Hello,
As suggested by people on this list, I have changed perfmon2 to use
the high resolution
timers as the interface to allow timeout-based event set multiplexing.
This works around
the problems I had with tickless-enabled kernels.
Multiplexing is supported in per-thread as well. In that case, the
timeout measures virtual
time. When the thread is context switched out, we need to save the
remainder of the timeout
and cancel the timer. When the thread is context switched in, we need
to reinstall the timer.
These timer save/restore operations have to be done in the switch_to()
code near the end
of schedule().
There are situations where hrtimer_start() may end up trying to
acquire the runqueue lock.
This happens on a context switch where the current thread is blocking
(not preempted) and
the new timeout happens to be either in the past or just expiring.
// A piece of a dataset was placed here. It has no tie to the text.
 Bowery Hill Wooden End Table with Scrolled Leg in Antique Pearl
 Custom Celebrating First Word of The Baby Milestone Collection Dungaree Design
We've run into such situations
with simple tests.
On all architectures, but IA-64, it seems thet the runqueue lock is
held until the end of schedule().
On IA-64, the lock is released BEFORE switch_to() for some reason I
don't quite remember. That
may not even be needed anymore.
The early unlocking is controlled by a macro named __ARCH_WANT_UNLOCKED_CTXSW.
Defining this macros on X86 (or PPC) fixed our problem.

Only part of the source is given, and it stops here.